(RECORDS FOR THIS EXERCISE)
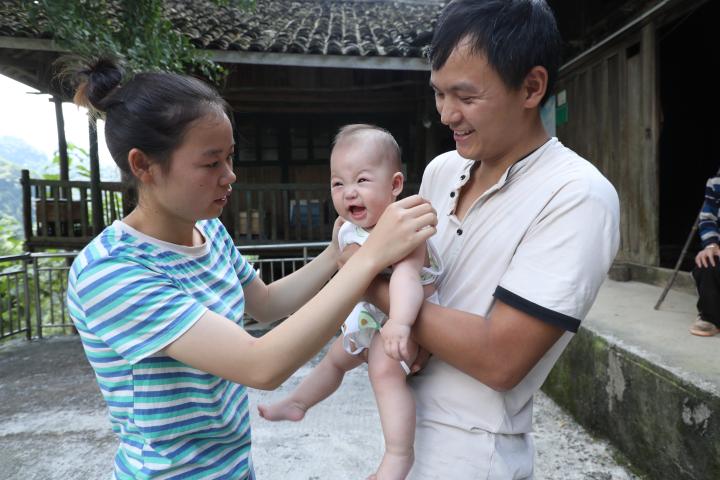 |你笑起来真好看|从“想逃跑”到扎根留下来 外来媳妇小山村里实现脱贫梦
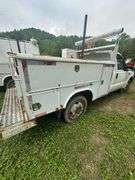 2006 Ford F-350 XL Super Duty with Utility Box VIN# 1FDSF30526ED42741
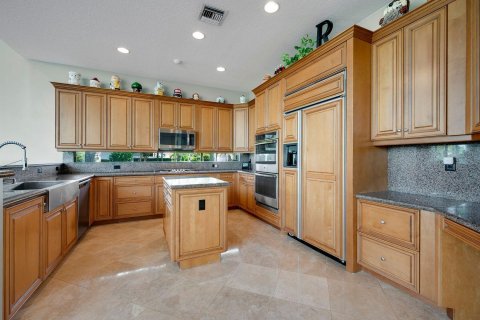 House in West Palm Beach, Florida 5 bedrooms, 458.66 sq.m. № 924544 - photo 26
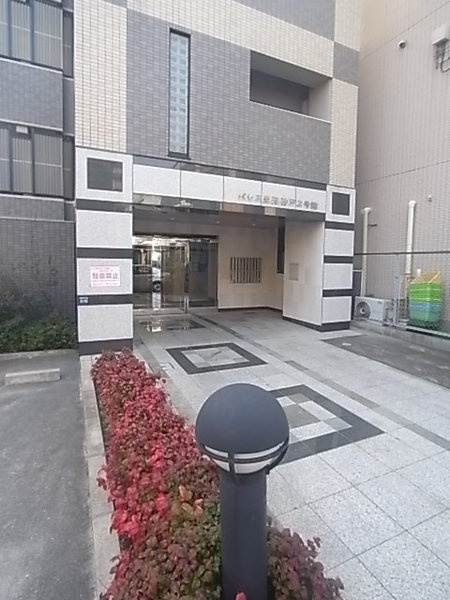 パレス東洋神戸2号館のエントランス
--
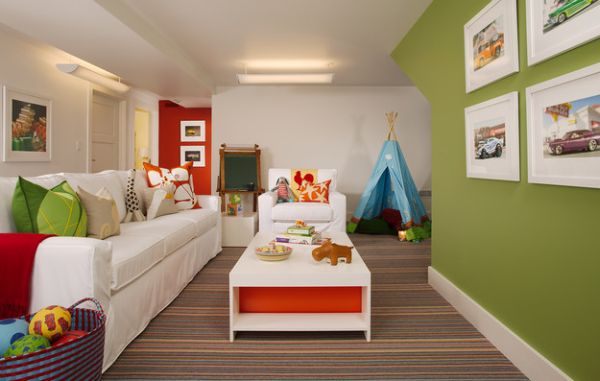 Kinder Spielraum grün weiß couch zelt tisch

(PROBLEM DETAILS) Among the records above, locate the line containing "2006 Ford F-350" and the line containing "パレス東洋神戸2号館のエントランス", then transcribe exactly the lines starting at the first and ending at the second, with no pictures.

(RESULT FOR THIS EXERCISE)
 2006 Ford F-350 XL Super Duty with Utility Box VIN# 1FDSF30526ED42741
 House in West Palm Beach, Florida 5 bedrooms, 458.66 sq.m. № 924544 - photo 26
 パレス東洋神戸2号館のエントランス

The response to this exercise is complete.